● What needs to be done
Return the data below unaltered, but strip out the pictures.

Source records
# # # # # # #

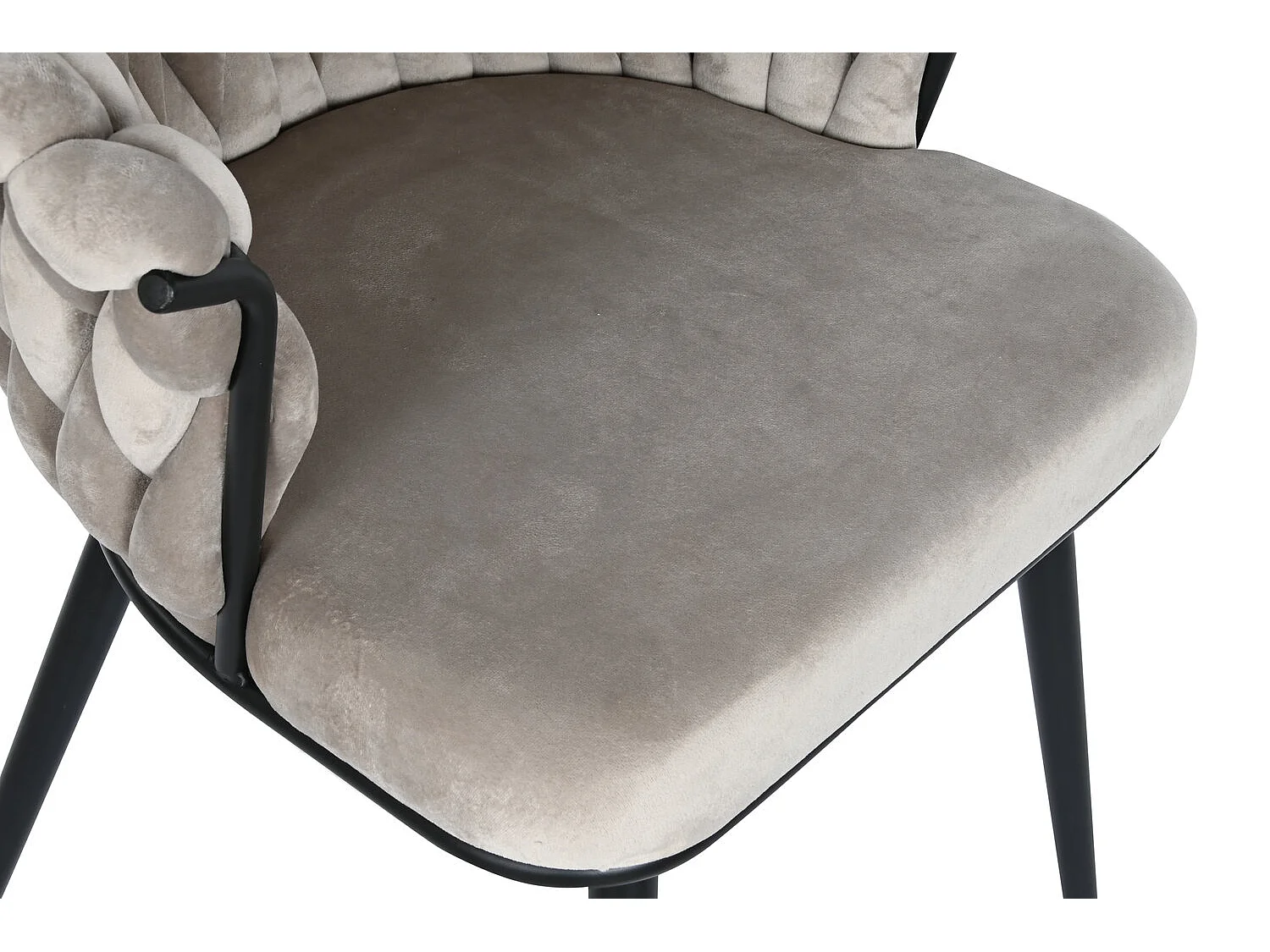 Medallionstoel met poten van gaas en hout, 48x48x96cm, ideaal voor uw huis. Het voegt glamour en een speciaal tintje toe aan uw huis.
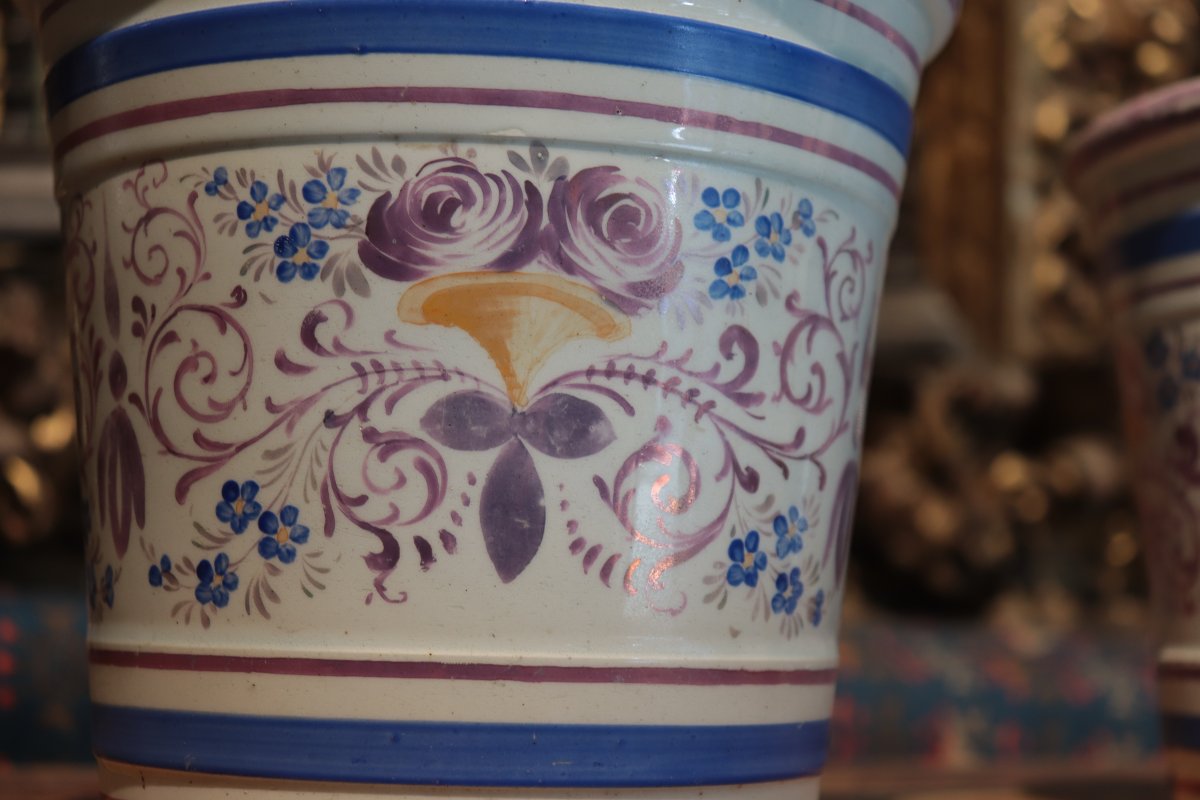 2 Porcelain Vases, Tuscany, 19th Century-photo-4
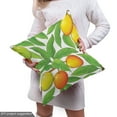 thumbnail image 4 of Ambesonne Fruit Fabric by the Yard Upholstery, Ripe Mango Branches, 5 Yards, Green Vermilion, 4 of 4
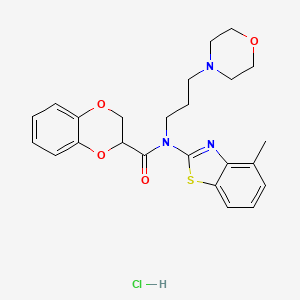 N-(4-methylbenzo[d]thiazol-2-yl)-N-(3-morpholinopropyl)-2,3-dihydrobenzo[b][1,4]dioxine-2-carboxamide hydrochloride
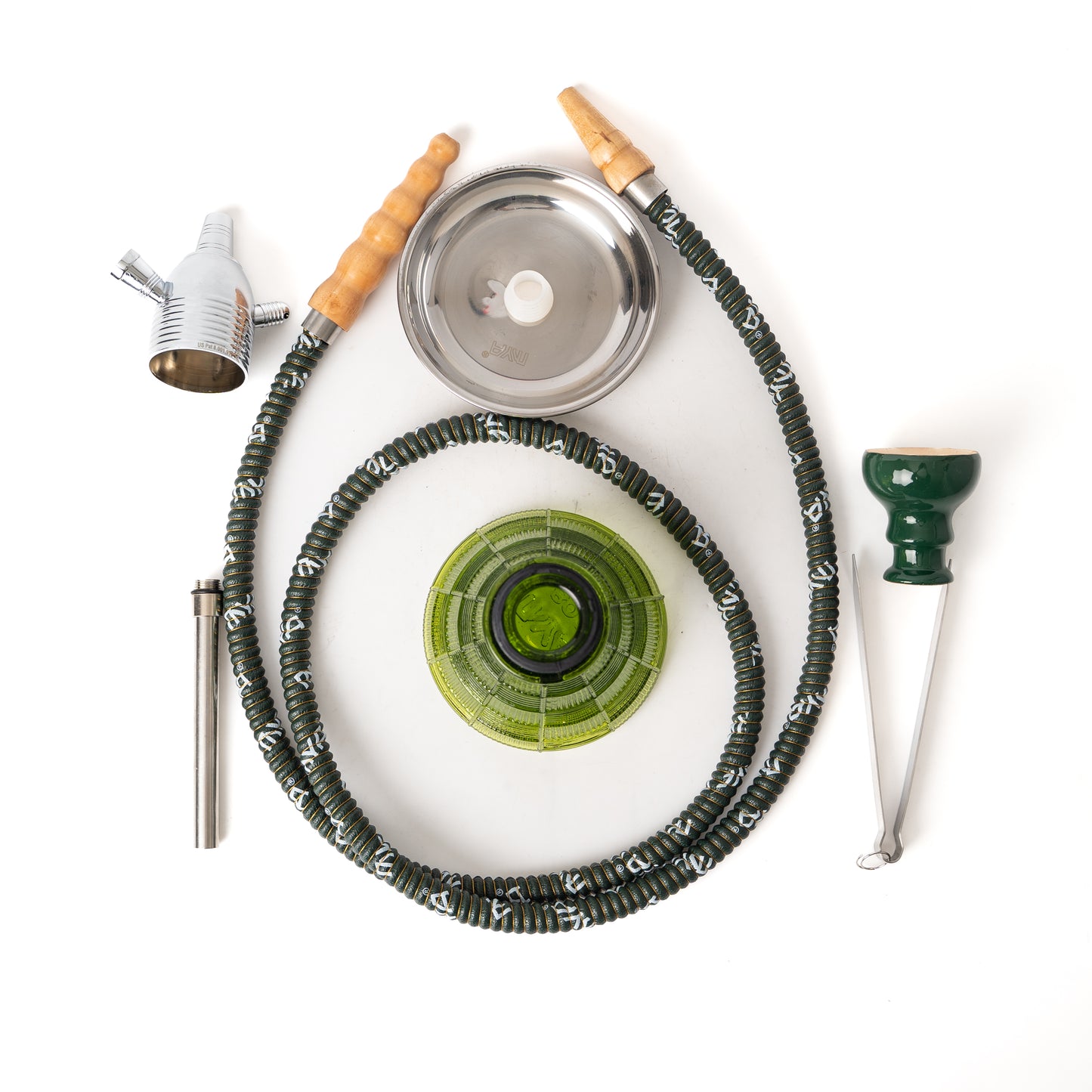 MYA Petite Hookah - Olive Green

# # # # # # #

● Answer section
 Medallionstoel met poten van gaas en hout, 48x48x96cm, ideaal voor uw huis. Het voegt glamour en een speciaal tintje toe aan uw huis.
 2 Porcelain Vases, Tuscany, 19th Century-photo-4
 thumbnail image 4 of Ambesonne Fruit Fabric by the Yard Upholstery, Ripe Mango Branches, 5 Yards, Green Vermilion, 4 of 4
 N-(4-methylbenzo[d]thiazol-2-yl)-N-(3-morpholinopropyl)-2,3-dihydrobenzo[b][1,4]dioxine-2-carboxamide hydrochloride
 MYA Petite Hookah - Olive Green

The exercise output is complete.